## Study material
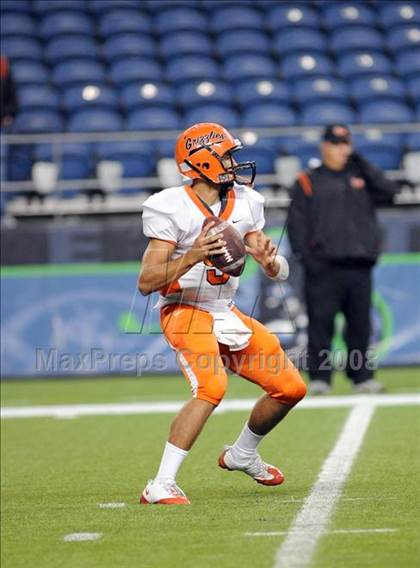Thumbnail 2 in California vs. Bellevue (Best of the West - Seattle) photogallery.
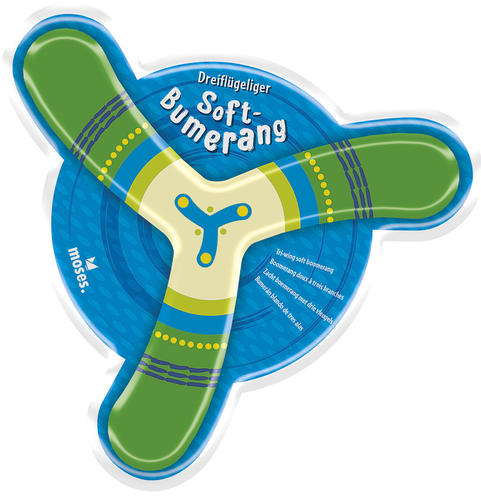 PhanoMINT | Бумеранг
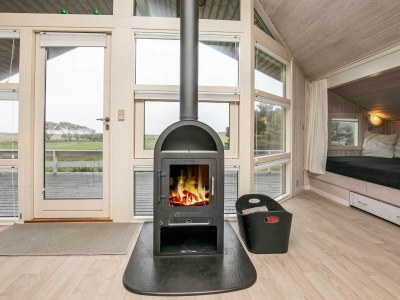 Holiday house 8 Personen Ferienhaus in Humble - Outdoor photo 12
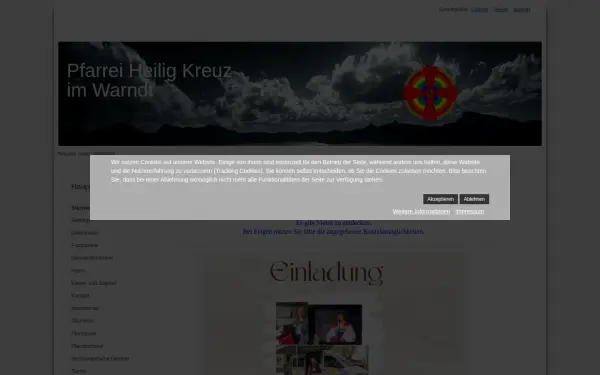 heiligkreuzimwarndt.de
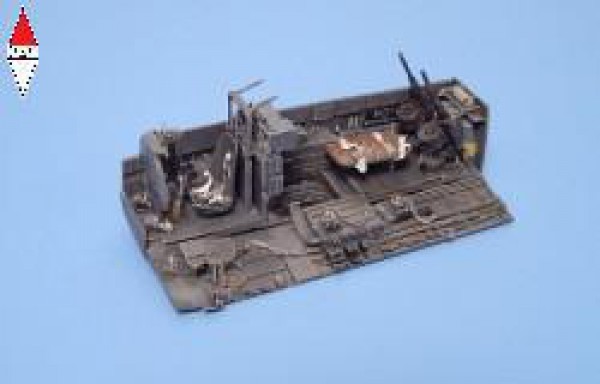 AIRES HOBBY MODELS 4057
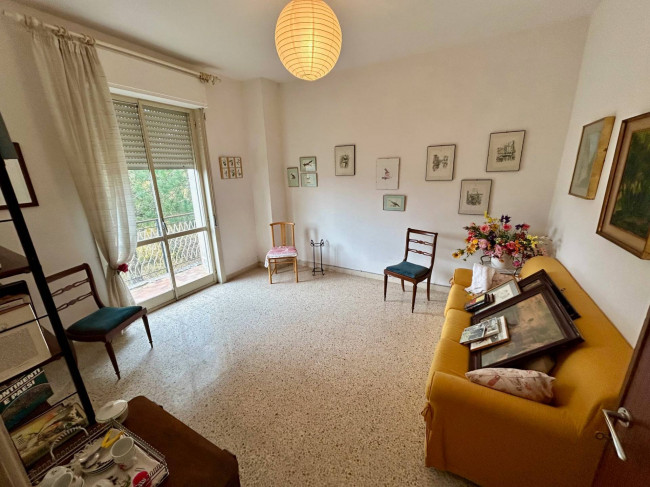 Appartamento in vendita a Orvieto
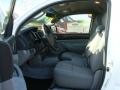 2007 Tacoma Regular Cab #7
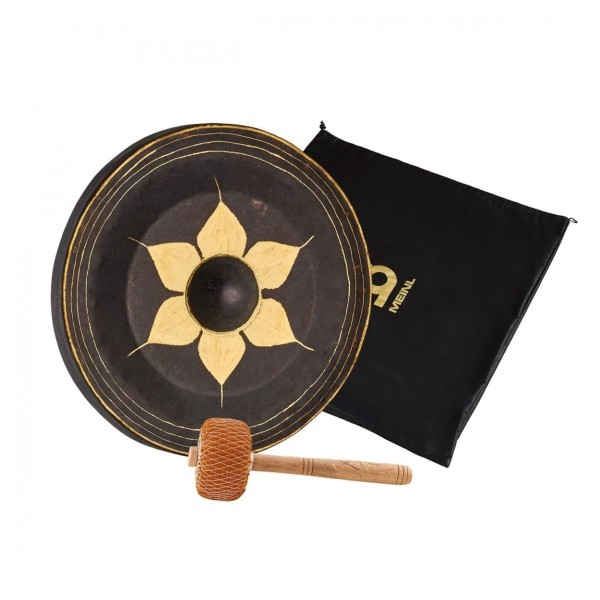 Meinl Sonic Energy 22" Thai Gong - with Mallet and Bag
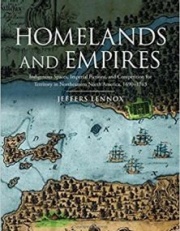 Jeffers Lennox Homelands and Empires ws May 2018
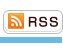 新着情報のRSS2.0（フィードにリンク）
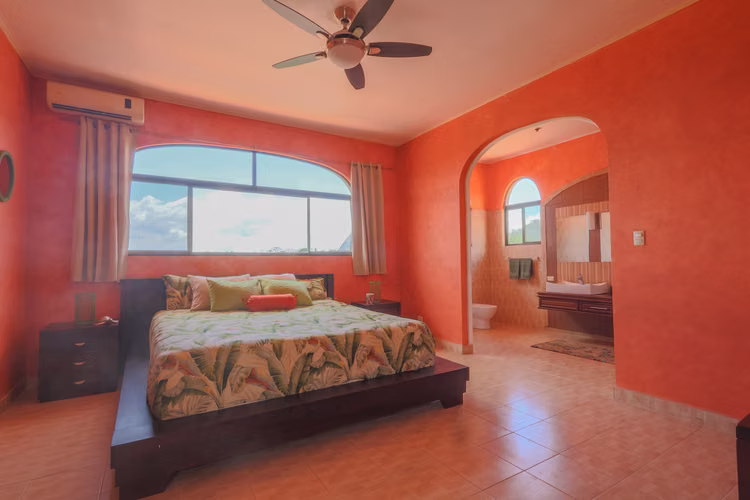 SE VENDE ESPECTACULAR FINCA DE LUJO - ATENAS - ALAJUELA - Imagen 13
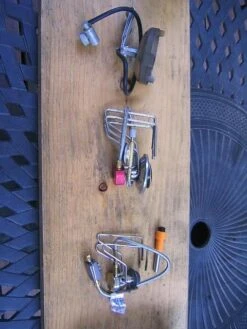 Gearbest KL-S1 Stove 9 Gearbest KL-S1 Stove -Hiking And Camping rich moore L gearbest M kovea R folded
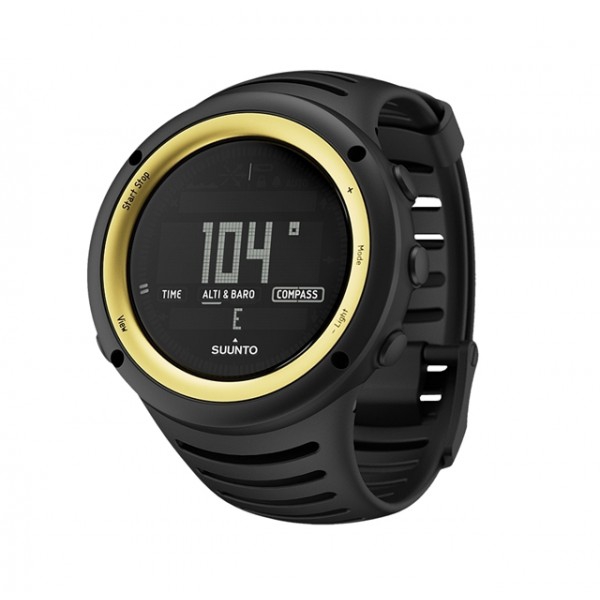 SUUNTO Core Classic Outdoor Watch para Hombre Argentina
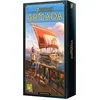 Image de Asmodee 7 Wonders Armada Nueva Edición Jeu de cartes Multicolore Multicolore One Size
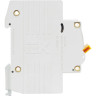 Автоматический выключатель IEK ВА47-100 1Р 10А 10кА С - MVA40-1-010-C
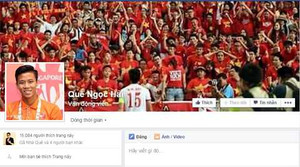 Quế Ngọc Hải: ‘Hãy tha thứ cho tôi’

---

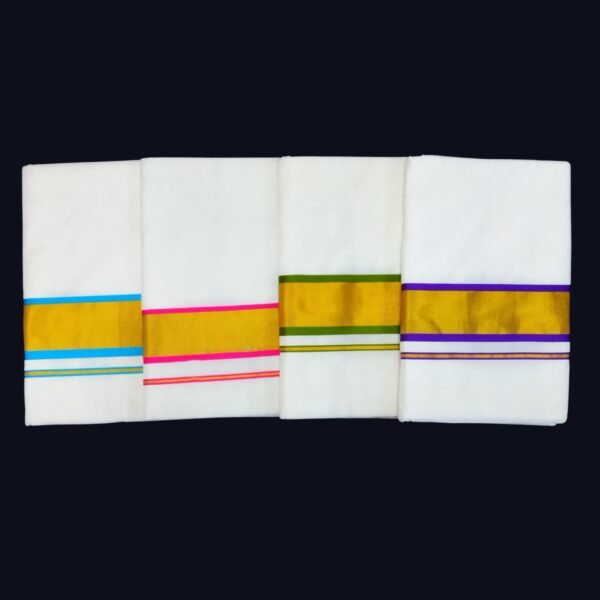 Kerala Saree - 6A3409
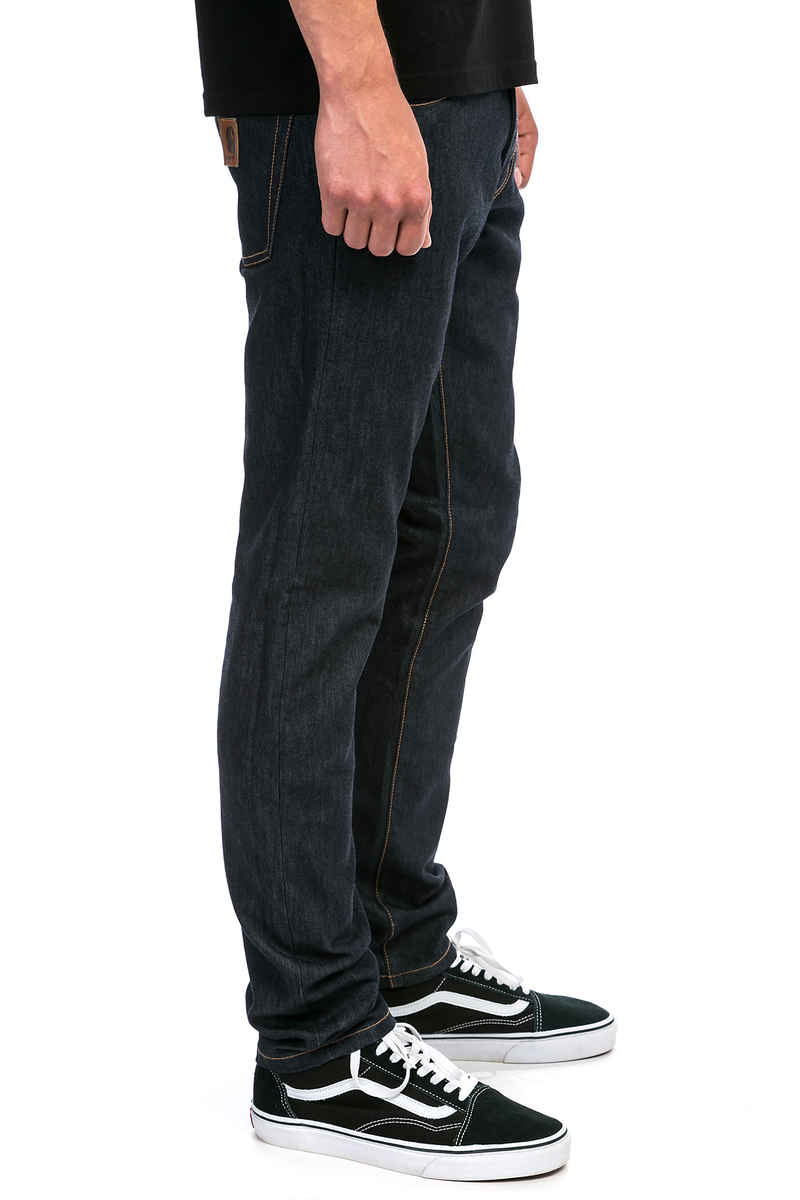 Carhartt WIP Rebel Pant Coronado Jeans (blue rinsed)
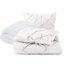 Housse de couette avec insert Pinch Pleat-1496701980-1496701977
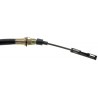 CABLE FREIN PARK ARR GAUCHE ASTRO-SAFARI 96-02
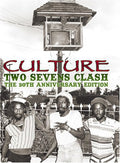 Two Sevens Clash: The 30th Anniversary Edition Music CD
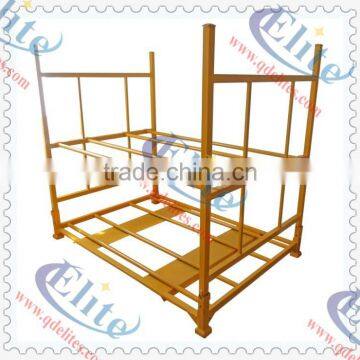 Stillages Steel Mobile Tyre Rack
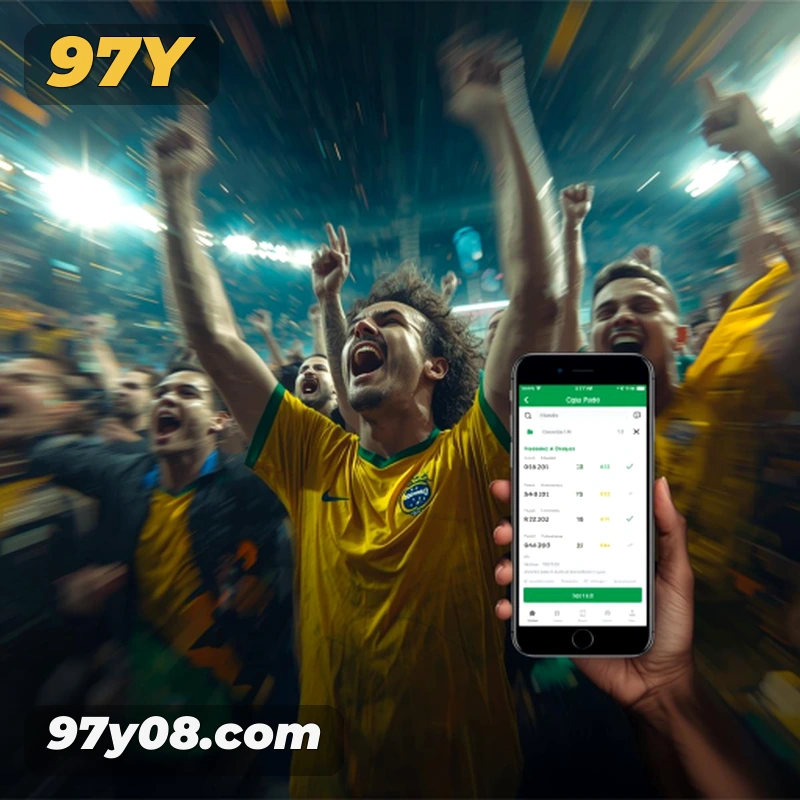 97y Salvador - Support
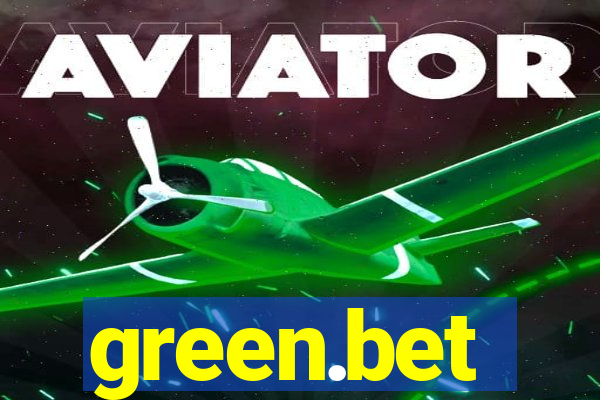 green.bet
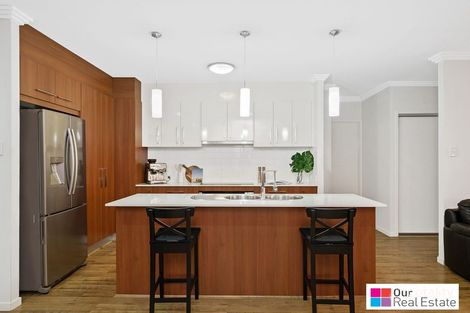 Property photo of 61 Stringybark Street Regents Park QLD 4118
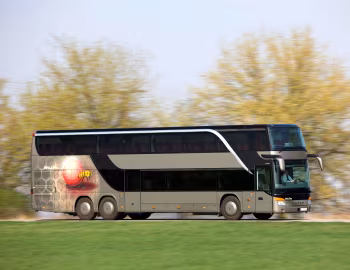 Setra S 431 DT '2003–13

## Task requirements
Look above for the line with "CABLE FREIN PARK", then give again exactly every line from there through the line with "Setra S 431 DT '2003–13", skipping the pictures.

## Your solution
 CABLE FREIN PARK ARR GAUCHE ASTRO-SAFARI 96-02
 Two Sevens Clash: The 30th Anniversary Edition Music CD
 Stillages Steel Mobile Tyre Rack
 97y Salvador - Support
 green.bet
 Property photo of 61 Stringybark Street Regents Park QLD 4118
 Setra S 431 DT '2003–13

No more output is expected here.